In Tongan traditional medicine, kauloa leaves are prepared as a warm decoction and consumed to relieve colds, coughs, and chest congestion. The saponin-rich leaves are believed to act as expectorants, loosening mucus in the respiratory tract, while the broader Pacific Island tradition also uses the plant to promote breast milk production in postpartum women.
Does Polyscias scutellaria really increase breast milk production?
In silico molecular docking studies show that kauloa flavonoids—kaempferol, myricetin, and quercetin—bind the dopamine D2 receptor with energies of −5.52 to −6.40 kcal/mol, a mechanism that would theoretically reduce dopamine's suppression of prolactin and thereby increase milk production. However, no human clinical trials have tested this effect, so evidence remains computational and ethnobotanical; women seeking lactation support should discuss options with a healthcare provider.
What are the main bioactive compounds in kauloa leaves?
Kauloa leaves and roots are richest in flavonoids—including rutin, quercetin, kaempferol, myricetin, luteolin, and apigenin—along with phenolic acids, saponins, oleanolic acid, terpenes, alkaloids, and lignans. LC-HRMS profiling of Polyscias scutellaria extracts has confirmed at least 6–9 distinct flavonoids, 7 phenolic acids, 5 terpenes, and 1 lignan, with total phenolic content reaching up to 289.813 mg GAE/g in ethyl acetate fractions.
Are there any safety concerns or drug interactions with kauloa?
No formal toxicity studies have been conducted on Polyscias scutellaria, so a comprehensive safety profile is not established. Theoretical concerns include potential antagonism of dopamine agonist medications (such as cabergoline or bromocriptine) due to D2 receptor binding activity, and possible interactions with serotonergic drugs due to 5-HT2A receptor affinity identified in docking models. Individuals taking dopaminergic or serotonergic medications should consult a clinician before use.
What does the scientific research say about kauloa's anti-inflammatory effects?
In vitro studies using LPS-stimulated RAW 264.7 macrophages demonstrated that the ethanol root extract of Polyscias scutellaria reduces nitric oxide production by 60–70% and lowers TNF-α, IL-6, IL-1β, and IL-12 levels through inhibition of NF-κB and MAPK signaling pathways. These are cell culture results only; no animal studies or human trials have confirmed anti-inflammatory efficacy, so clinical applicability cannot yet be determined.
What is the most effective form of kauloa for respiratory support — fresh leaf decoction, dried leaf, or extract?
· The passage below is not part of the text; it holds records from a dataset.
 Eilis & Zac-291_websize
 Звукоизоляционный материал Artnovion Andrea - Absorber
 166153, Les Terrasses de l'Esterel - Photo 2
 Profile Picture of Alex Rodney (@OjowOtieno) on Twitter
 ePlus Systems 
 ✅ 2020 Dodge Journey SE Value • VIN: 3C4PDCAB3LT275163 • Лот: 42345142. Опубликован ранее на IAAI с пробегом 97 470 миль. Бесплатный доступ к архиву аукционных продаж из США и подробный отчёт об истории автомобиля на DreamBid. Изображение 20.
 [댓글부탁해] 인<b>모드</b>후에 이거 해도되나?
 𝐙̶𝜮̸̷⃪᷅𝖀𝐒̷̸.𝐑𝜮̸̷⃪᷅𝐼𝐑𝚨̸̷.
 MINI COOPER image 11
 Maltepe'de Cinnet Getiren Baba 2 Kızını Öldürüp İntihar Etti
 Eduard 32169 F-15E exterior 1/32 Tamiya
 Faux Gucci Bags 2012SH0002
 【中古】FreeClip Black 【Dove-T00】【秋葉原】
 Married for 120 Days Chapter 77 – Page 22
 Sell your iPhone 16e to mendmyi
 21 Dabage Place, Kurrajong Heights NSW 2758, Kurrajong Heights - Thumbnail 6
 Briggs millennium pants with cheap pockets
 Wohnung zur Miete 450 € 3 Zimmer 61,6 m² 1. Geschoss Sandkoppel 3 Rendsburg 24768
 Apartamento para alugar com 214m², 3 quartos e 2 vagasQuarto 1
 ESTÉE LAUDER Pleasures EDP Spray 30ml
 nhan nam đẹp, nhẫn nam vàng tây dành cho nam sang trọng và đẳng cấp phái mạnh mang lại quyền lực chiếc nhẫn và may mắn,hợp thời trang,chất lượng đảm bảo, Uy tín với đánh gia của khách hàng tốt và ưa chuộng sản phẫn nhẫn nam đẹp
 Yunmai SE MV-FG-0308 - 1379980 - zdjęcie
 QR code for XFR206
Traditional Tongan medicine primarily uses fresh or dried leaf decoctions, which allow saponins and other bioactive compounds to extract into water and reach the respiratory tract effectively. Dried leaf decoctions are more practical for consistent dosing and storage, while fresh preparations may retain volatile components; standardized extracts have not been widely studied for respiratory applications compared to the traditional decoction method. The hot-water extraction process used in decoctions is well-suited to releasing saponin constituents responsible for the hypothesized expectorant effect.
Is kauloa safe to use during pregnancy or while breastfeeding?
While kauloa is traditionally used in Tongan medicine to support lactation, safety data specifically during pregnancy is limited and should be discussed with a healthcare provider before use. The saponin content and other bioactive compounds have not been extensively studied in pregnant populations, making precautionary avoidance advisable unless under professional guidance. Breastfeeding women considering kauloa should consult with a midwife or lactation specialist, as traditional use does not guarantee safety in modern clinical contexts.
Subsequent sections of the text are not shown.